Surveillance law prompts clashes in two panels

Intelligence director says updates were critical since original version did not foresee cellular telephones, e-mail and the Internet.

The nation's top intelligence official told lawmakers on Tuesday that recent changes to a decades-old surveillance law were badly needed in light of the technological evolution that has occurred since the statute was originally passed.

The Foreign Intelligence Surveillance Act's definition of electronic surveillance before updates hurried through Congress in August did not foresee cellular telephones, e-mail and the Internet, National Intelligence Director Michael McConnell told the House Judiciary Committee.

The House Intelligence Committee also held a hearing on the law, with Democrats and Republicans on both panels clashing over how to change it.

When the 1978 law was enacted, McConnell told Judiciary, "almost all local calls were on a wire and almost all international communications were in the air," and FISA distinguished between the two. Today "the situation is completely reversed" with most overseas calls using wire and local calls passing through the air.

McConnell said FISA's power has been diminished because communications that used to be transmitted via radio or satellite now move via fiber-optic cables, which were not covered by the mandate. The 1978 law also placed a premium on the location of data collection, which he said has been complicated by the interconnectedness of modern networks.

Before last month's FISA updates, the law's requirement to obtain a court order, based on a showing of probable cause, "slowed, and in some cases prevented altogether, the government's ability to collect foreign intelligence information," McConnell said.

The updated language, which expires in six months unless Congress extends it, allows the director of national intelligence and attorney general to authorize some spying without first getting warrants from a secret court created by the underlying law.

Assistant Attorney General Kenneth Wainstein, who testified alongside McConnell, said it is important that Congress give liability protection to telecommunications firms that allegedly have assisted in certain intelligence activities. That exemption was not part of the latest FISA update.

Committee Chairman John Conyers, D-Mich., complained that the FISA modifications were made without proper vetting and what lawmakers have learned since "does not give this chairman much cause for comfort."

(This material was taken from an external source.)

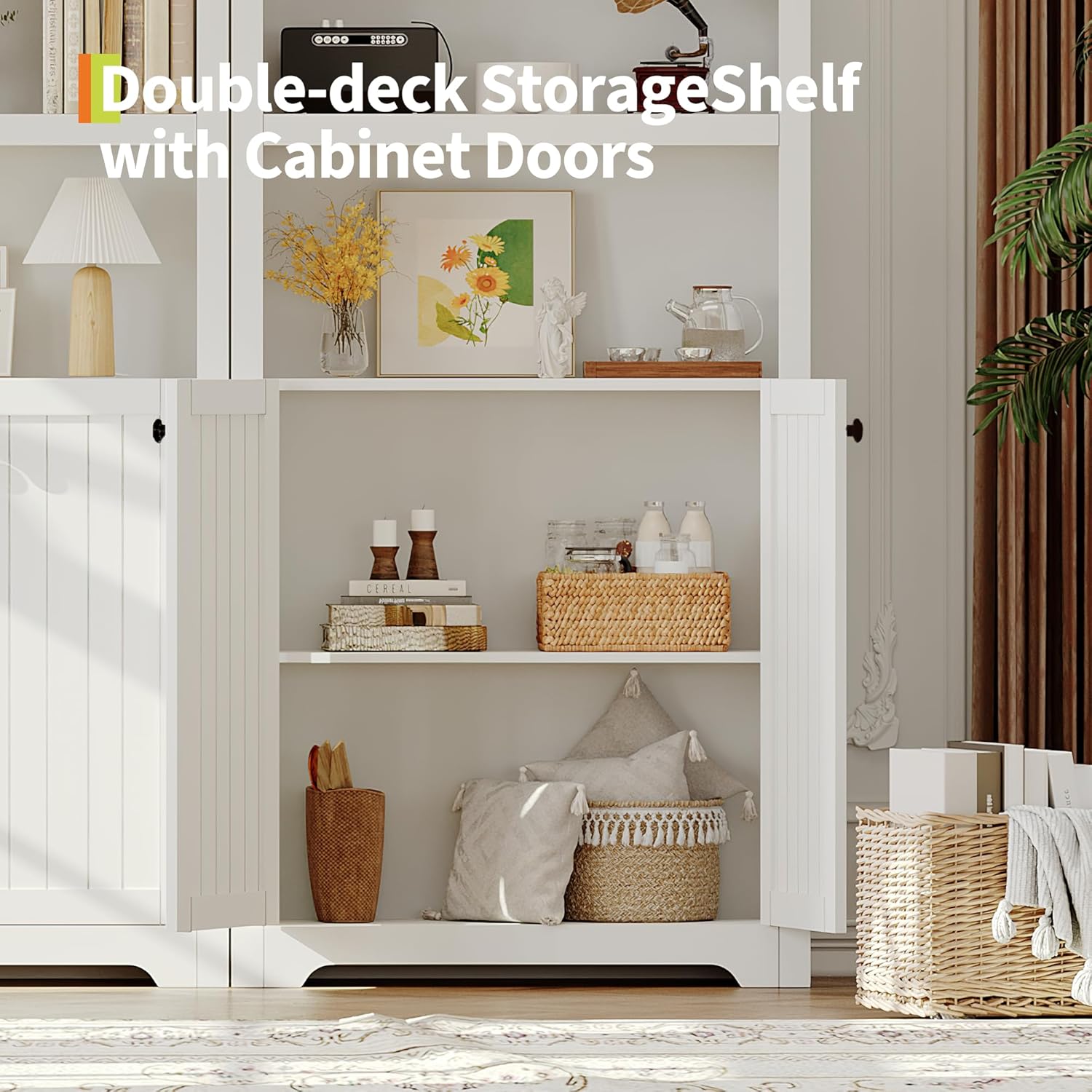 Qeetex QET-BKC-D920 bookcases - View #5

The bill was written so broadly that it permits the government to "intercept any and all electronic communications from U.S. citizens to anyone even thought to be abroad," Conyers said. The new power could also apply to business and library records, personal mail and "domestic searches of our homes," he argued.

New York Democrat Jerrold Nadler, who chairs the Constitution, Civil Rights and Civil Liberties Subcommittee, said he was particularly worried about the "administration's ongoing charm offensive."

"Let's have some truth in advertising," he said, spurring an eruption of cheers from some in the audience and gavel-banging from Conyers.

House Intelligence plans to debate long-term legislative changes to FISA on Oct. 4. At his panel's hearing, Chairman Silvestre Reyes, D-Texas, said the temporary legislation is "a very flawed bill" that "allows warrantless physical searches of Americans' homes, offices and computers. It converts the FISA court into a rubber stamp. And it contains insufficient protections for Americans who will have their phone calls listened to and e-mails read under this new authority."

But Republicans on both committees fired back at Democrats, saying that some of them, as well as privacy advocates, are overstating the effects of the FISA changes.

Intelligence Committee ranking Republican Pete Hoekstra of Michigan decried the "hysterical hypotheticals" offered by foes of the law. "Their wild, baseless accusations strain the limits of reality and, without reason, impugn the integrity and honor of the hard-working intelligence professionals we ask to protect our homeland."